I've seen this is CO2 injected and also Excel tanks of mine. It only occurred in areas of poor flow where the plants were not pruned properly. I would prune those areas back aggressive and get rid of all you can see.


----------



## EDGE (Aug 24, 2010)

http://www.bcaquaria.com/forum/plan...lic-enemy-1-black-brush-algae-how-fight-2286/ is a link to people with success story of dealing with bba.

Here is a shot of staghorn and bba on the java fern in the oto tank right at the water return. Increase flow usually solved some of the problem as the debris gets moved off the leave. Anything we do can reduced the problem.


----------



## ubr0ke (Jan 10, 2011)

If you have a problem with bba tell me a little about your tank?...
lights? co2-pressurized or diy?...fert dosing?...substrate?..etc

I used to struggle with algae but have came to a place where it doesn't exsist in any of my 3 tanks. Its a balance and with a little of info about your tanks im sure I can guide you through it.


----------



## splat (Nov 17, 2010)

i have DIY jello CO2...almost have all the stuff for pressurized. i have mineralized soil capped with ecocomplete. i dose seachem ferts 2/week as suggested on the bottle. i have 2 x 54 W T5 HO on for about 10 hours per day. this algae is now starting to grow on the gravel...UG


----------



## ubr0ke (Jan 10, 2011)

the diy co2 is the cause...way to inconsistant..
You have alot of light also...too much...
Raise your fixture about 6 inches to a foot ..this will decrease the demand for co2...
Do a water change, prune like crazy add some excell and some critters to help...sae,ottos,amano shrimp. Also make sure flow around tank is sufficient. 

If you want to check and remove high organic levels in your tank I have a recipe for that but its a little more technical...if you want ask.

do all that then come back and report haha.


----------



## BubBleBee (May 7, 2010)

ubr0ke said:


> the diy co2 is the cause...way to inconsistant..
> You have alot of light also...too much...
> Raise your fixture about 6 inches to a foot ..this will decrease the demand for co2...
> Do a water change, prune like crazy add some excell and some critters to help...sae,ottos,amano shrimp.
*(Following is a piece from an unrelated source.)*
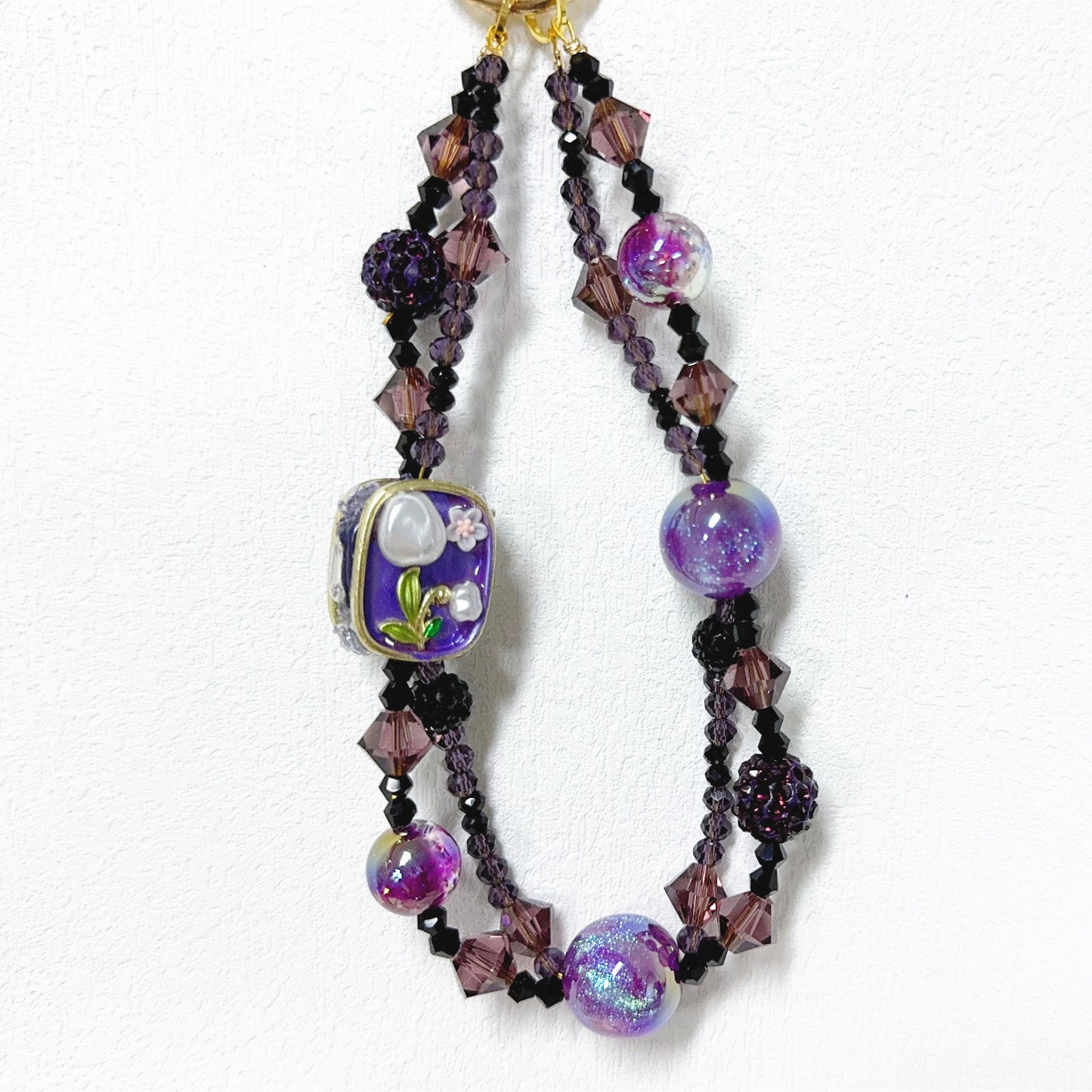 🎁Handmade Colorful Beaded Phone Chain – Trendy & Functional[L1001-1020] ✨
Also make sure flow around tank is sufficient.
> ...


I'm curiouse please enlighten me.....I'm also having the same prob buuuuuut it came in on plants and didn't notice that it had algae nor was i advised that the plants had it......I have a huge jug of metricide which i plan on over dosing to help get rid of this crap before it take over everything else........I'm curious bout ur last weeellll second last statement.....wannna know more....TIA


----------



## Teal'c (Apr 22, 2010)

Siamese algae eater!!


----------



## neven (May 15, 2010)

ubr0ke said:


> the diy co2 is the cause...way to inconsistant...


DiY is as inconsistent as you are willing to let it be. He said he was on jello co2, that's consistent output for around 3-4 months. So this would not be the issue. As long as he's getting the output needed for a tank his size and surface agitation he'll be fine and it wont be inconsistent. (drop checkers for the win).

One thing popped out at me... MTS substrate... if you prepare it wrong (or don't let it soak long enough) it can wreck havoc on your water parameters making it a real pain to control algae. Second, is it capped with sand? or is eco complete the cap? Third, How often do you disturb the substrate for replanting?

Even without these questions answered i can recommend a few things.
1. remove any bba you see
2. DO NOT UPROOT ANYTHING until this is fixed.
3. Stop your liquid ferts for now. I normally don't recommend this, but you have one hell of a rich substrate on your hands, so wait until this bba is conquered before thinking dosing. You want to know if there is a nitrate/nitrite/ammonia issue with the MTS.
4. Continue excel dosing if you have been. You can probably double dose the excel for now before going to the more drastic numbers you see in the guide.
5. Look around the tank when the filter is going, is there spots where lots of dead plant matter settles? if so you need to try to stop this from happening. IF the tank isn't a nano, you can add a circulation powerhead if shifting decor isn't helping. You wont be able to get all the dead spots gone, but the goal is to reduce them so its easy to vaccuum those areas weekly
6. Make sure your jello co2 didn't fizzle, a drop checker is a must to any co2 enriched fish tank, get one if you dont have it. Make sure you are deep green or slightly lime green. any less will be insufficient allowing BBA to compete for nutrients and photons.
7. 10 hours is a long photo period, drop it to 8 hours to see if it helps.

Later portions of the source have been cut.